I’m sure at some point in the future, it will become feasible to design a contact lens which can also act as a computer monitor for the one wearing it.
My question is, how long before such a thing could be done? And are there marketable purposes for such a thing? There would have to be some kind of highly portable controlling mechanism for the associated computer. I don’t see that as a problem–devices the size of a cell phone could do it, or, if we want to go way sci-fi with this, some sort of “implant” could get the job done. 
Anyway, I’m mostly just curious about the tech level question. The “is it useful and marketable” question is also interesting but not as central to my intention in posting here.
-FrL-
And just what is going to image the monitor onto the retina? after all, you’ve got your monitor stuck on the lens that’s doing the imaging.

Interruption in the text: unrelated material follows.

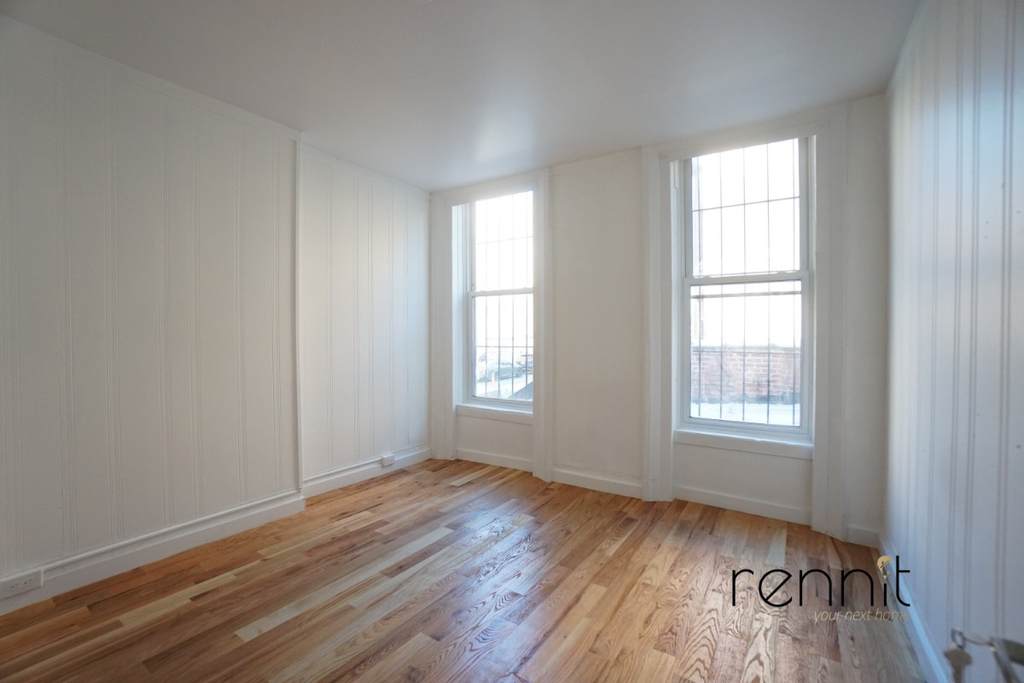 115 Marcus Garvey Boulevard - Photo 2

You can’t get real imaging (the kind that projects an image onto a surface) if the object is closer than one focal length to the lens. Since the contact is sitting right on the cornea, obviously that won’t work. In fact, if the lens is on the cornea, it doesn’t even see that lens, since it’s within the “lens” itself (most of the focusing power of the eye is at the cornea-air interface, not the crystalline lens – that’s used for fine correction and accommodation). It’s conceivable to build a flattened lens, optical path, and monitor into a compact device, I suppose, (they are already making astoundingly compact camera devices) but it would be monstrously complex and I’d worry about it being too bulky to use as a “contact lens”. It would be grotesquely expensive – not by any means disposable – and I suspect it wouldn’t be worth the effort.

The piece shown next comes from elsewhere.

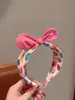 Tiara Fofa para Crianças 2026 Novo Estilo Laço Colorido para Meninas Não Aperta Antiderrapante Artefato para Lavar o Rosto e Cabelos Rebeldes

I don’t know anything about optics, so it’s difficult for me to understand why you can’t have an image in focus with its source on the lens thats doing most of your focusing for you.

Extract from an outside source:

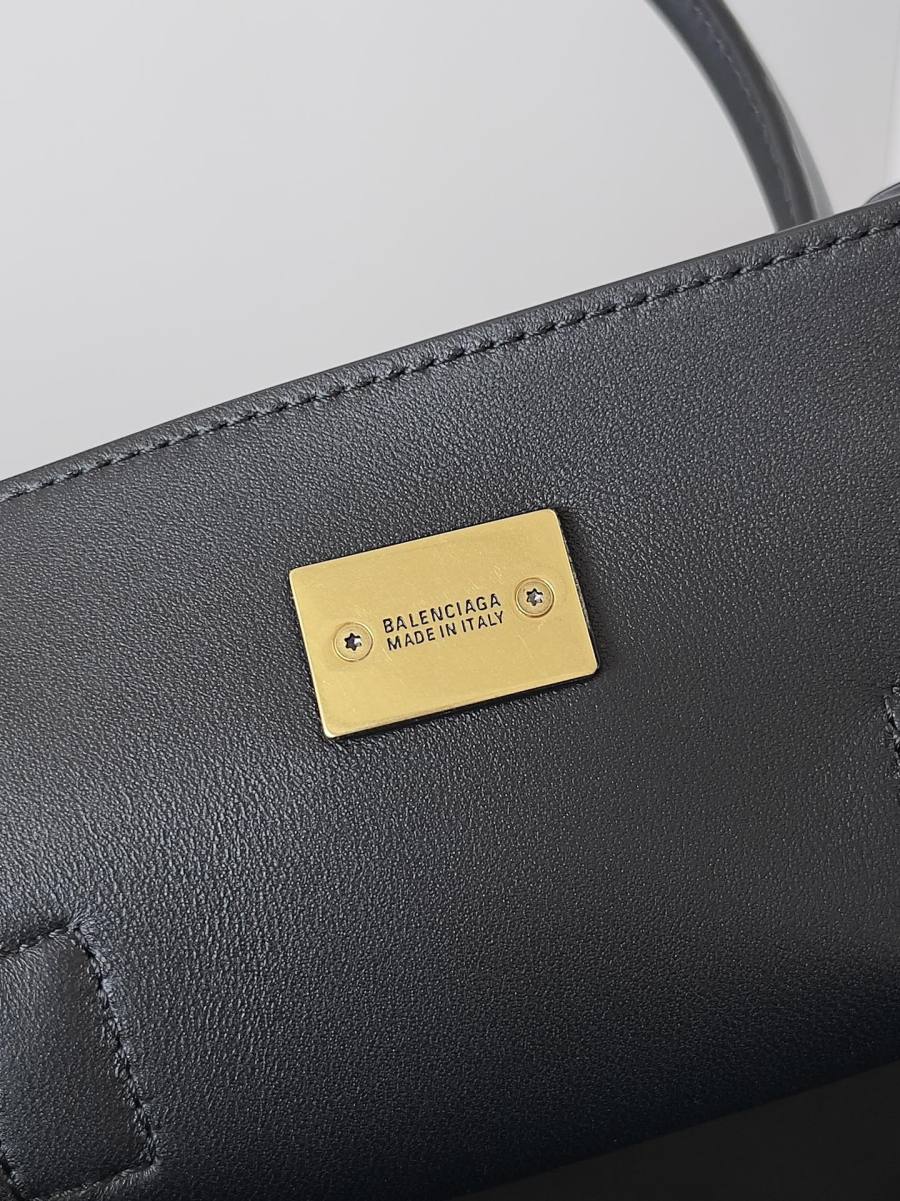 Balenciaga_BelAir_Hobo_31x37x20cm_4F0B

Couldn’t the lens compute exactly how the light of the image its producing should look in order to appear “in focus” to the person using the lens? The reason this sounds plausible to me is the following. There is light emanating from the back surface of the contact lens I’m wearing right now–namely, the light that passed through it from the front and was refracted by the lens. That light, when it reaches my retina, produces an image which appears “in focus” to me. If this is the case, then couldn’t a future sci-fi type contact lens do more than simply refract light, but also add and subtract light, in order to produce the appearance of an image, and have that image, too, appear to be “in focus?”
Alternatively, could you not even just have the lens simply project the appropriate light via lasers to the retina? That’s not what I had in mind in the OP, but would such an approach overcome the problems you were alluding to? (I don’t know because I didn’t quite grasp the problem.) Can there be such lasers whcih would not necessarily damage the eye?